Naukowcy: Pogoń za promocjami kończy się otyłością
Handel ma bardzo często niezdrowe artykuły spożywcze w promocjach. Dlatego łowcy okazji mają nadwagę.
Dwa batoniki w cenie jednego, rodzinne opakowanie chipsów czy zgrzewka napoju energetyzującego w supercenie: bardzo często artykuły spożywcze z wysoką zawartością tłuszczu, cukru czy soli znajdują się w promocjach supermarketów. Ale jak wynika z najnowszych badań brytyjskich naukowców, łowcy takich okazji bardzo często mają nadwagę, czy są wręcz otyli.
Ten związek stwierdzili naukowcy z brytyjskiej fundacji Cancer Research UK. Ich praca badawcza wykazała, że połowa całej nabywanej czekolady, chipsów, popcornu i innych chrupek była kupiona po okazyjnych cenach.

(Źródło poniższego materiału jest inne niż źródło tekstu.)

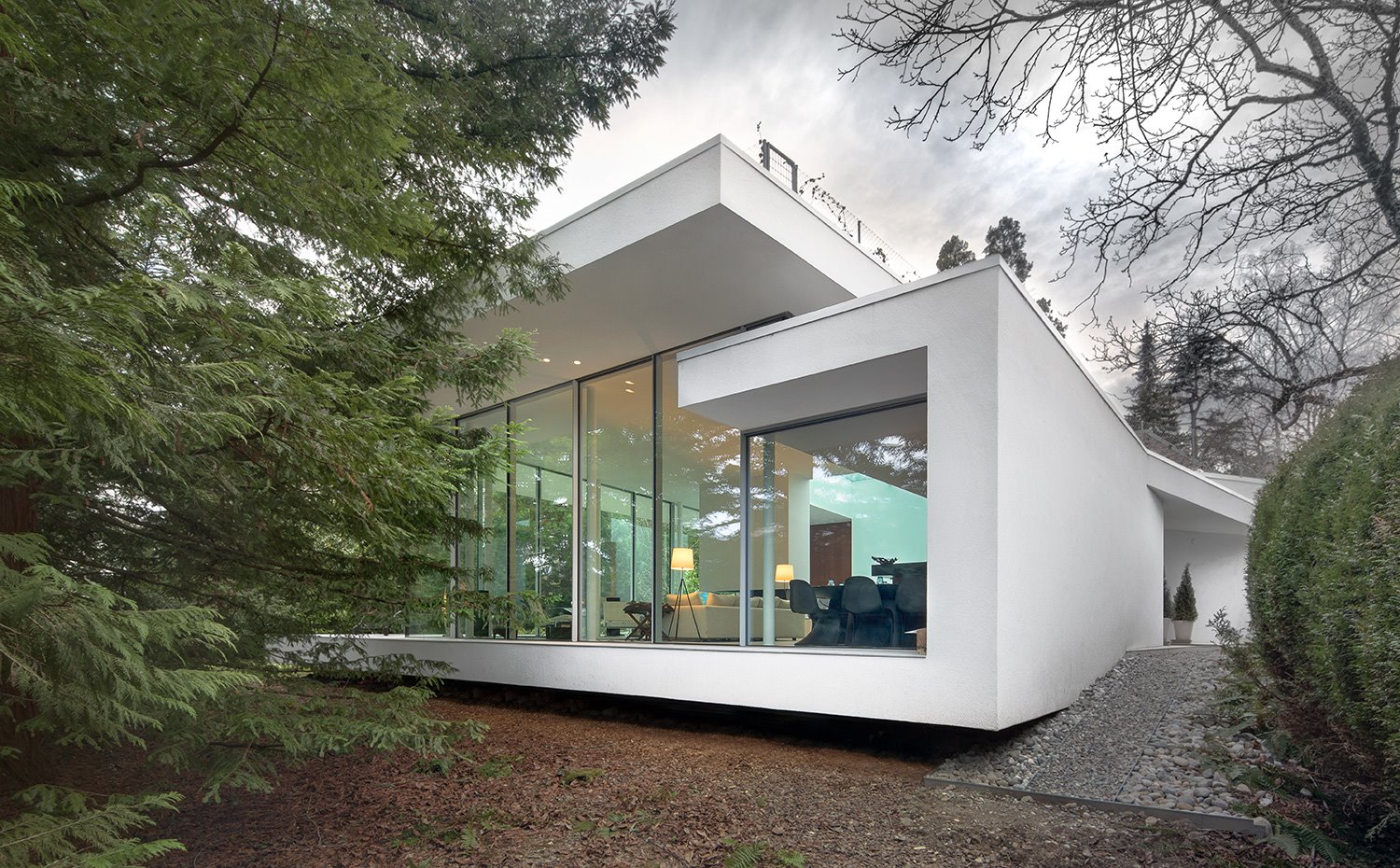 Exterior de la casa con estructura en voladizo sobre desnivel, con fachada en blanco y cerramientos de cristal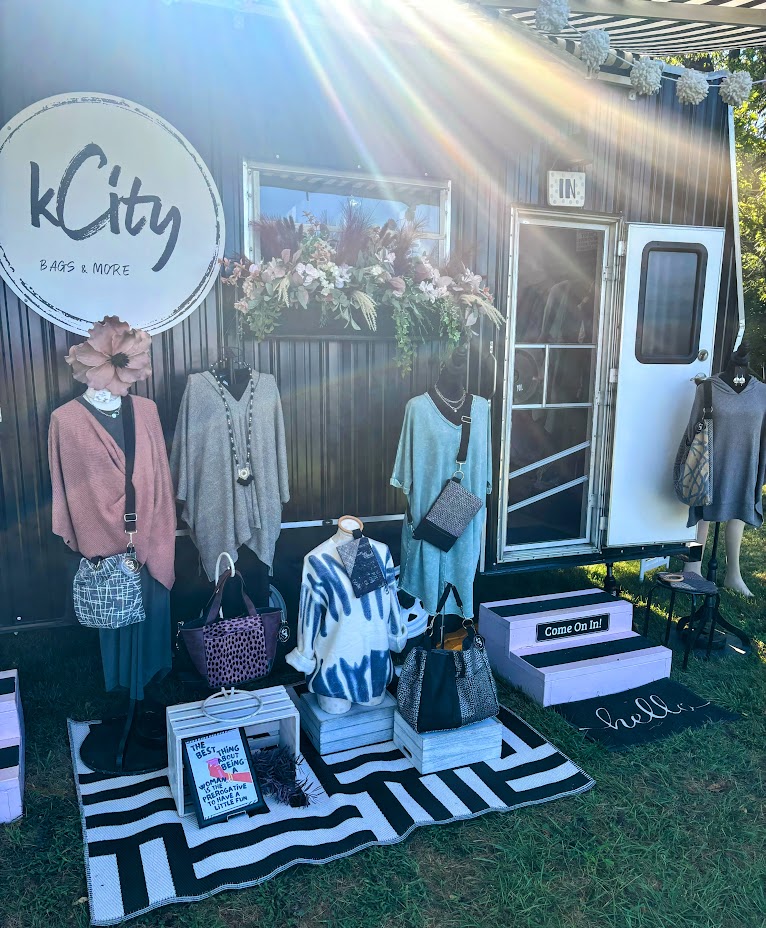 black trailer, business sign on front-kcity bags & more, clothing displays with custom bags and jewelry, window box with flowers.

Dla autorów badań jest to niepokojące także dlatego, że nadwaga jest wysokim czynnikiem ryzyka 13 rodzajów nowotworów. Eksperci domagają się więc, by ustawowo ograniczyć tego rodzaju sklepowe oferty.
W trakcie badań naukowcy przeanalizowali dane pochodzące z 16 tys. brytyjskich gospodarstw domowych, uwzględniając dokonywane zakupy oraz czynniki demograficzne i socjoekonomiczne oraz wzrost i wagę osób robiących zakupy.
Naukowcy podzielili ich na cztery grupy, w zależności od tego, jaki był w ich zakupach udział artykułów z promocji. Wynik analizy: w grupie, która szczególnie często sięgała po promocje, 72 proc. ludzi miało nadwagę. W grupie, która rzadziej sięgała po artykuły z promocji, nadwagę miało 64 proc. Jeszcze większa była rozbieżność między osobami, które były otyłe , czyli miały dużą albo chorobliwą nadwagę. Odsetek otyłych łowców okazji był tam o 28 proc. wyższy niż w grupie osób, która rzadziej sięgała po artykuły z promocji.
Produkty, które znalazły się w koszykach łowców okazji, zawierały generalnie więcej cukru i mniej błonnika niż w zakupach innych konsumentów.
Linda Bauld, ekspertka ds. prewencji z Cancer Research UK, komentując wyniki badań, podkreśla, że w promocjach oferuje się ludziom ogrom kuszących, ale niezdrowych produktów spożywczych i napojów. Przy tak niskich cenach czekolady, słodyczy i lemoniady nikogo nie powinno dziwić, że ludzie kupujący artykuły z promocji mają dużo większe prawdopodobieństwo utycia.
Naukowcy podkreślają, że wyniki badań wskazują, jakim zagrożeniem dla dzieci jest częste sięganie po promocje. Już teraz w Wielkiej Brytanii co 5. uczeń szkoły podstawowej ma nadwagę, a w szkołach średnich nawet co trzeci. Innym powodem, dlaczego brytyjscy naukowcy ostrzegają przed następstwami zakupu towarów z promocji jest to, że nadwaga uważana jest za czynnik ryzyka wystąpienia 13 różnych rodzajów raka, w tym raka jelit i piersi.
Przypuszcza się, że nadprodukcja hormonów pobudza rozrost komórek rakowych. Dlatego tak ważne byłoby ułatwienie klientom dokonywanie zdrowego wyboru podczas zakupów. Korzystne byłoby wprowadzenie specjalnych oznakowań i ustawowe ograniczenie promocji niezdrowych artykułów spożywczych.